(Web page caption snippets)
______

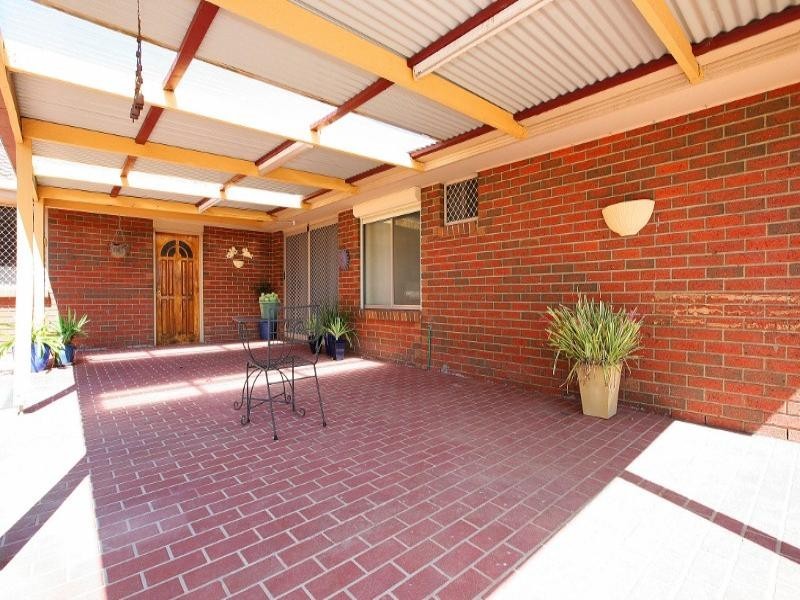 56 Honeyeater Crescent, Taylors Lakes VIC 3038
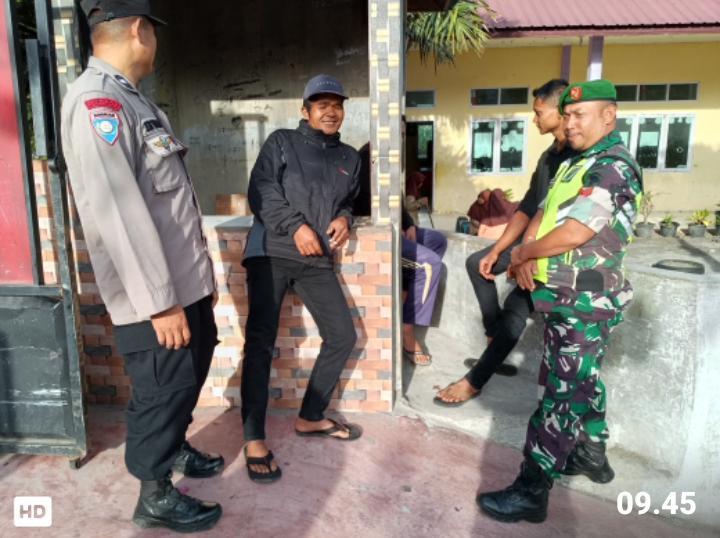 Monitoring Wilayah Binaan, Babinsa Komsos Dengan Masyarakat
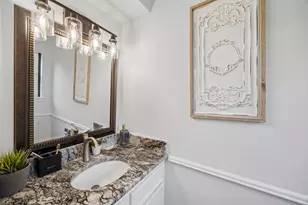 2226 Hidden Creek Dr, Houston, TX 77339 - Photo 12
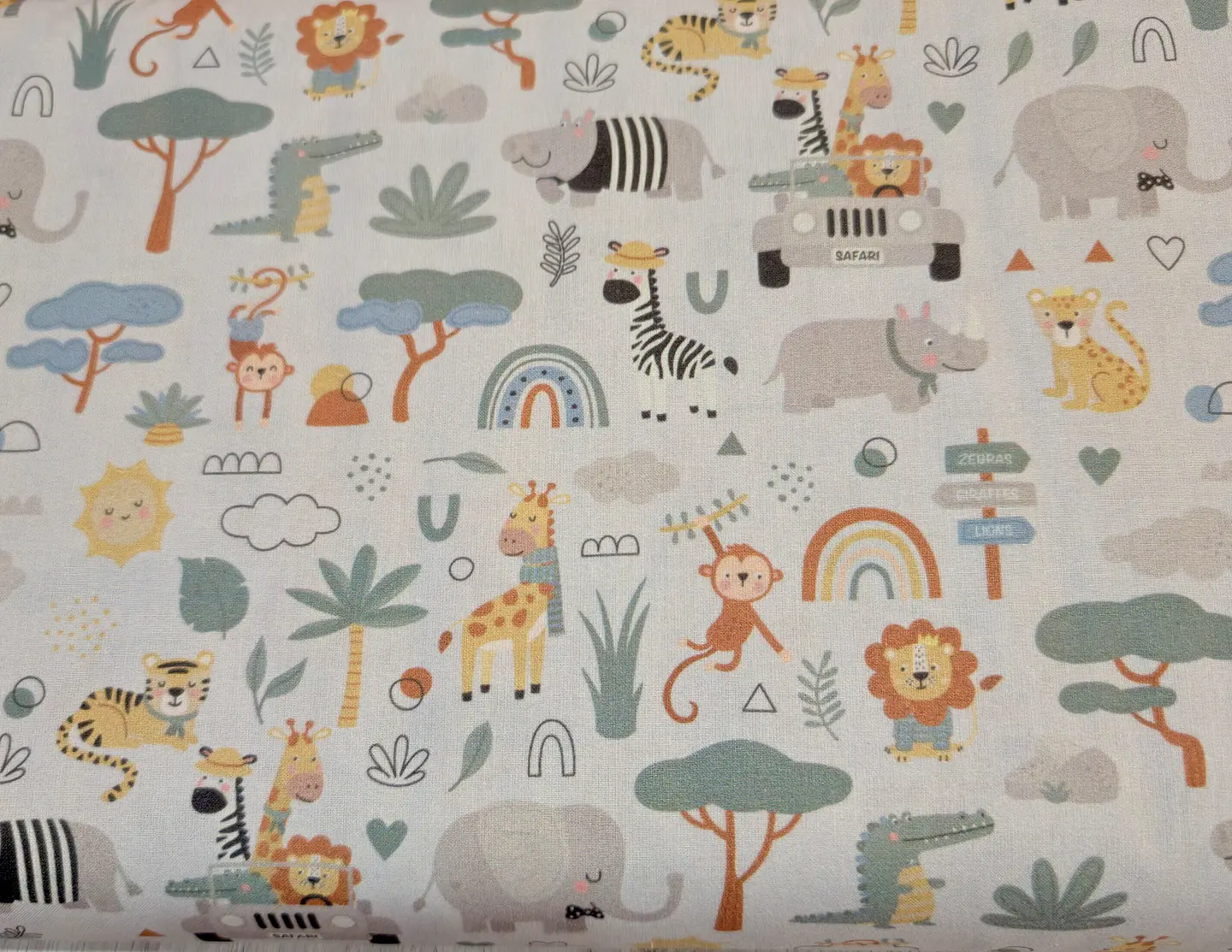 Tela con estampado jungla 2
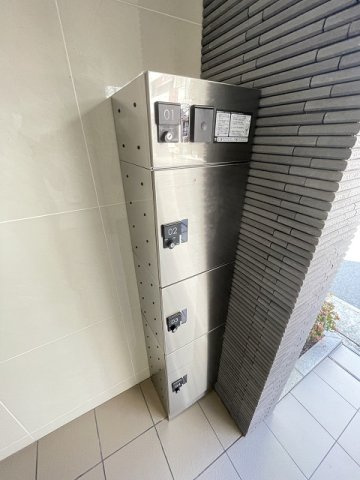PINO甲東園の外観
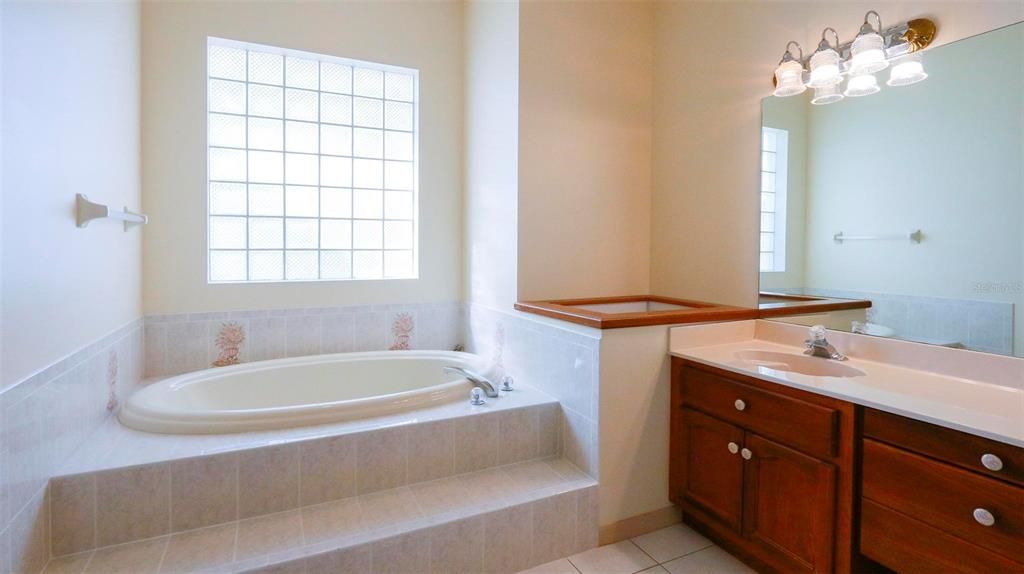 最近售出: $429,900 (4 贝兹, 2 浴室, 2431 平方英尺)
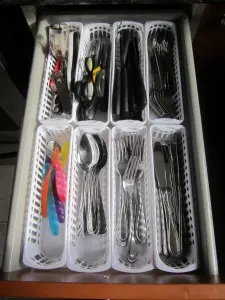 cutlery drawer organization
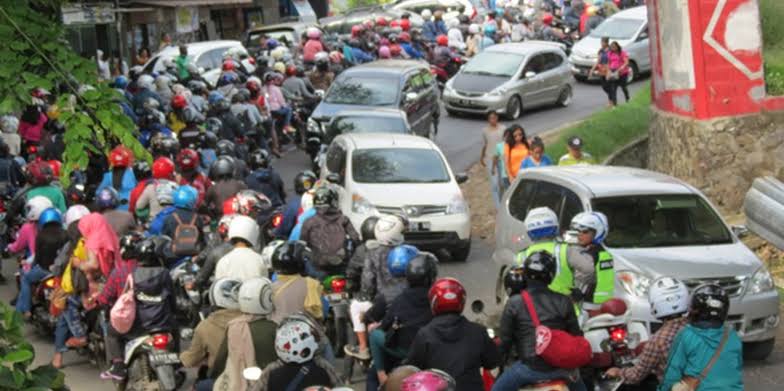 Kemacetan di jalan Asia Afrika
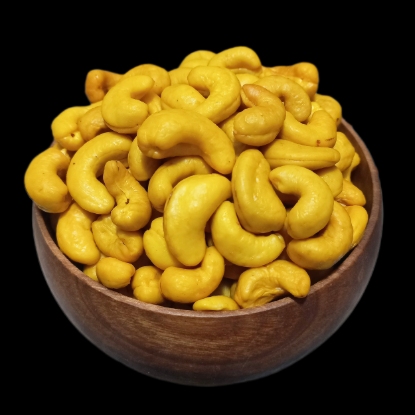 تصویر بادام هندی زعفرانی سایز متوسط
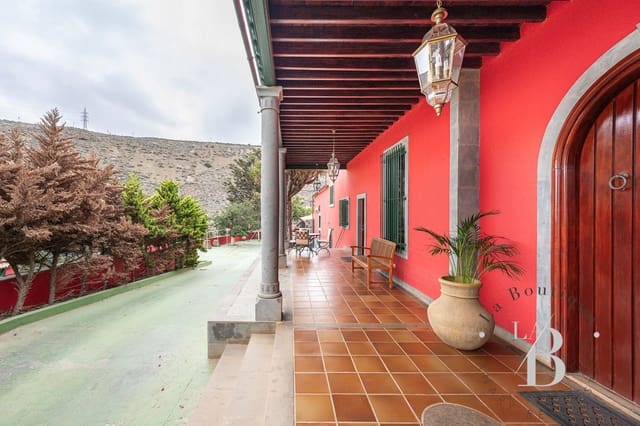 4 bedroom Finca/Country House for sale in Telde with garage - € 5,450,000 (Ref: 9378696)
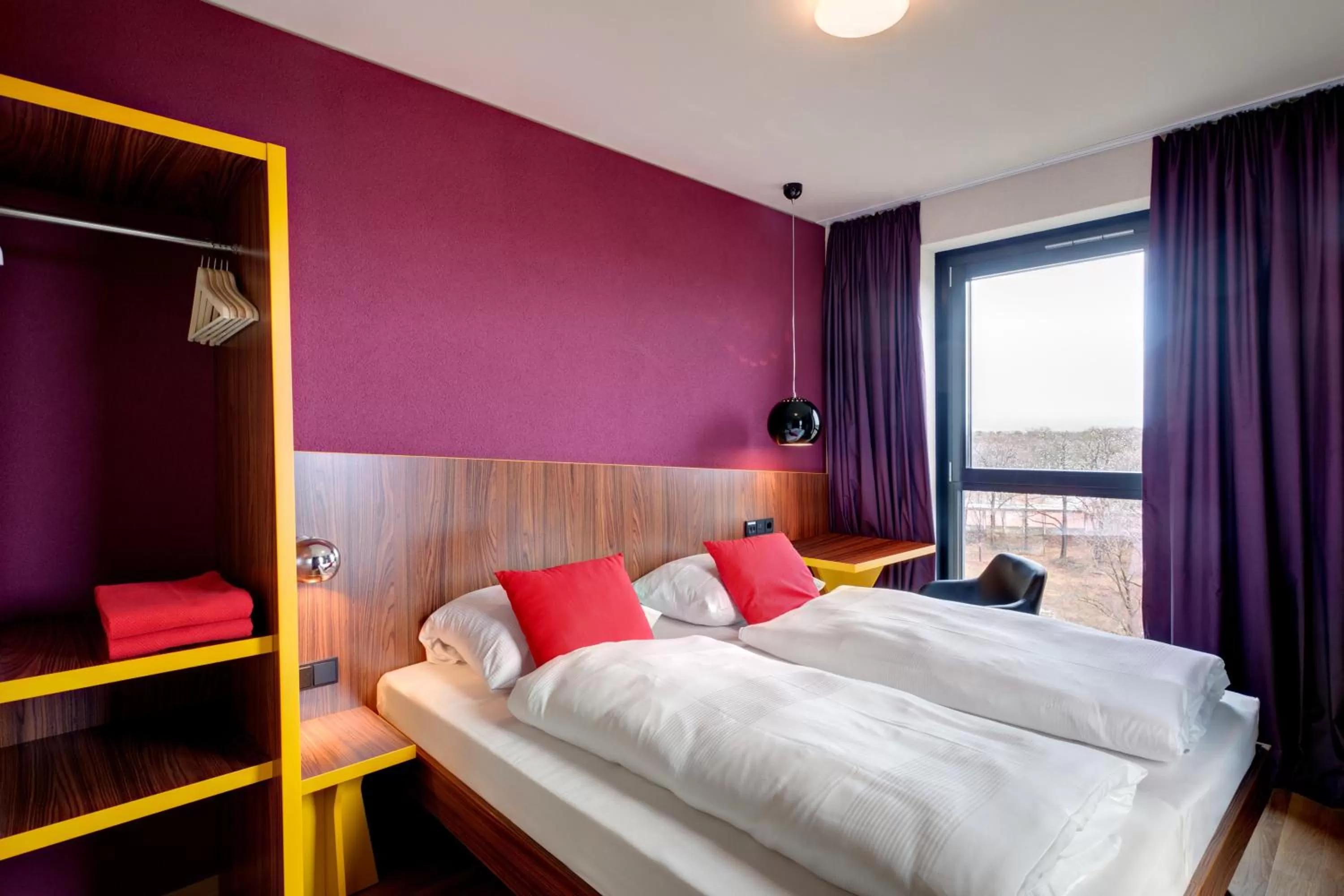 Superior Twin Room in MEININGER Hotel Frankfurt Main / Airport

______

DIRECTIONS ::
Give back exactly the lines above that run from the one with "cutlery drawer organization" to the one with "4 bedroom Finca/Country", including both, with the pictures left out.

COMPLETED EXERCISE ::
 cutlery drawer organization
 Kemacetan di jalan Asia Afrika
 تصویر بادام هندی زعفرانی سایز متوسط
 4 bedroom Finca/Country House for sale in Telde with garage - € 5,450,000 (Ref: 9378696)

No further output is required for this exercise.